9292. MARK ORENSTEIN, pet-ap, v. SNOW BECKER KRAUSS P.C., resres — A.M. Richardson, P.C., New York (Ambrose M. Richardson, III of counsel), for ap — Gallet Dreyer & Berkey, LLP, New York (Edward M. Cuddy, III of counsel), for res — Order, Supreme Court, New York County (Paul G. Feinman, J.), entered on or about October 13, 2011, which denied the petition and dismissed the proceeding brought pursuant to Business Corporation Law §624, unanimously affirmed, with costs.

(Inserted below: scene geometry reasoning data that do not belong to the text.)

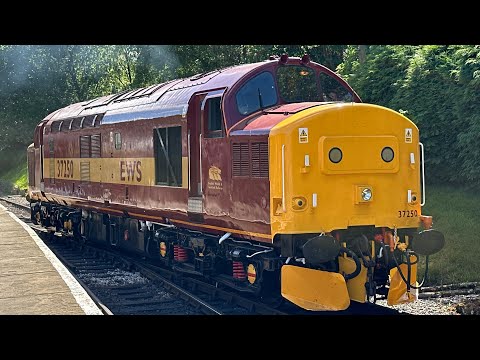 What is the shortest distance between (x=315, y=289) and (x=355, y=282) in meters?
0.62

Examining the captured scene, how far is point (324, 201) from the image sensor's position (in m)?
9.74

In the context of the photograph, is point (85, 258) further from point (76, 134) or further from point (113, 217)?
point (76, 134)

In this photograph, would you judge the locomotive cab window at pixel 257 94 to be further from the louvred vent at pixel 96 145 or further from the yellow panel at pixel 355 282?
the louvred vent at pixel 96 145

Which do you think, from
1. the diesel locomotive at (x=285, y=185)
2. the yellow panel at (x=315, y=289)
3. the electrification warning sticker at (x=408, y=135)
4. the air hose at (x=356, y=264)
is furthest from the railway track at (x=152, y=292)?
the electrification warning sticker at (x=408, y=135)

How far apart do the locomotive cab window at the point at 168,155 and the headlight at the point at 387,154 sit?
3.71 metres

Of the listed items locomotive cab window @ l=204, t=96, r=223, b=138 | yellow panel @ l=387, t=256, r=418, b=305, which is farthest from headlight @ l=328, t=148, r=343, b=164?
locomotive cab window @ l=204, t=96, r=223, b=138

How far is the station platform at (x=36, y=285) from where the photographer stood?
10.2m

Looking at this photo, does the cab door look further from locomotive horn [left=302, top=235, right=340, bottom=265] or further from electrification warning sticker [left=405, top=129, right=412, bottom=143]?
electrification warning sticker [left=405, top=129, right=412, bottom=143]

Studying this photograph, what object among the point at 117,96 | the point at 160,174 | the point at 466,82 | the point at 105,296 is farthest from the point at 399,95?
the point at 105,296

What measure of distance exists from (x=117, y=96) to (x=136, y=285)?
5.53 meters

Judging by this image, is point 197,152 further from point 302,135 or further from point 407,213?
point 407,213

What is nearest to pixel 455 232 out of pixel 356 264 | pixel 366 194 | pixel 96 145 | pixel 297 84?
pixel 297 84

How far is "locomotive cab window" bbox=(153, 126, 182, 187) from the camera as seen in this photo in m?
12.5

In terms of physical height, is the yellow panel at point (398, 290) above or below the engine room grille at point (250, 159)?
below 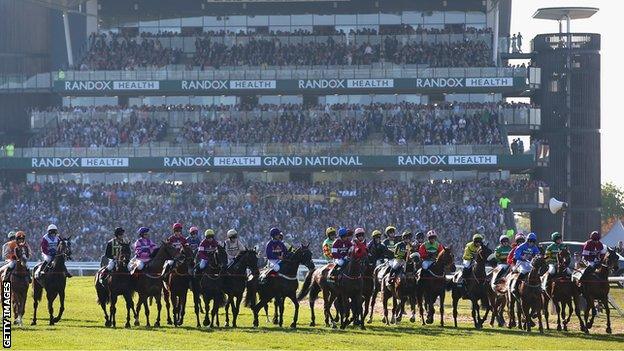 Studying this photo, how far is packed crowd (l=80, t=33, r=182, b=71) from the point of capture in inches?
3076

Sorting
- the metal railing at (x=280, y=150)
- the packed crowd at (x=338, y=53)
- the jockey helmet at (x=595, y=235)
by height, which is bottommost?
the jockey helmet at (x=595, y=235)

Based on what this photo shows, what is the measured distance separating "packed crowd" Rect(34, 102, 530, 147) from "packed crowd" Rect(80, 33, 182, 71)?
3117 millimetres

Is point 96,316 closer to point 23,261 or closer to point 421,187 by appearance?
point 23,261

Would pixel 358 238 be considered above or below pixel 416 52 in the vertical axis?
below

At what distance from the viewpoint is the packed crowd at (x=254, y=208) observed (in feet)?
215

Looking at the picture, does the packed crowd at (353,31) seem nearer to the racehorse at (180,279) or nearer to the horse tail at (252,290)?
the horse tail at (252,290)

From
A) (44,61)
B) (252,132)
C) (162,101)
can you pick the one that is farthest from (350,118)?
(44,61)

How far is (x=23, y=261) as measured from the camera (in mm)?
30594

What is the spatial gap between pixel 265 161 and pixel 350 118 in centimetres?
539

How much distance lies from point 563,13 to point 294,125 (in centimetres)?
1555

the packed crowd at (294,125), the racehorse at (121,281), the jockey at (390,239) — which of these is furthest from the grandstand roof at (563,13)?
the racehorse at (121,281)

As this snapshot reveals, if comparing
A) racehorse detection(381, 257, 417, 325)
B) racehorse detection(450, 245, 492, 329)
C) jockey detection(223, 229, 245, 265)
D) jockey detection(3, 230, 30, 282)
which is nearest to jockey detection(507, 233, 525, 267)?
racehorse detection(450, 245, 492, 329)

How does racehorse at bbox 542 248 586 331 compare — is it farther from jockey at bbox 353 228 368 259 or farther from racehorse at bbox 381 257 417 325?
jockey at bbox 353 228 368 259

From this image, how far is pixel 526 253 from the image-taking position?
30906mm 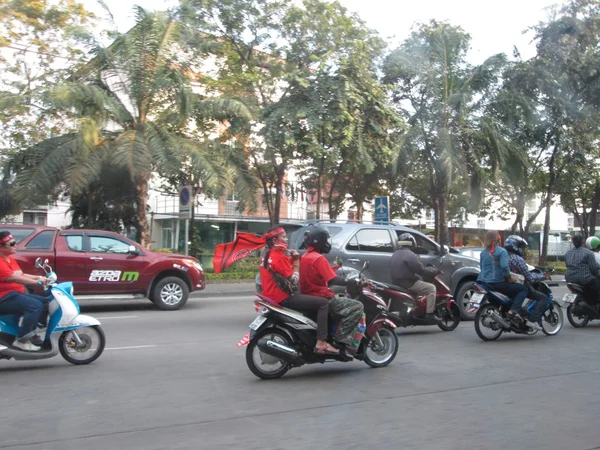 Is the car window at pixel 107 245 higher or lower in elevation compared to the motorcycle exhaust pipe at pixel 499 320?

The court properly denied the petition, finding that petitioner was not entitled to inspect respondent's corporate documents since he was no longer a shareholder (see Matter of Rosenberg v. Steinberg-Kass, 6 AD2d 685 [1st Dept 1958]). Petitioner waived his right to challenge the propriety of the termination of his shareholder interest in respondent by signing an agreement to that effect, and by failing to assert a right to inspect documents until more than six years after the termination (see Hadden v. Consolidated Edison Co. of N.Y., 45 NY2d 466, 469 [1978]). Petitioner's argument that he has a right to inspect the records even though he ceased to be a shareholder in 2002 is improperly raised for the first time in his reply brief. In any event, Business Corporation Law §624 provides this right only to current shareholders (see Matter of Benishai v. Ilan Props., 303 AD2d 226 [1st Dept 2003]).

This constitutes the decision and order of the Supreme Court, Appellate Division, First Department.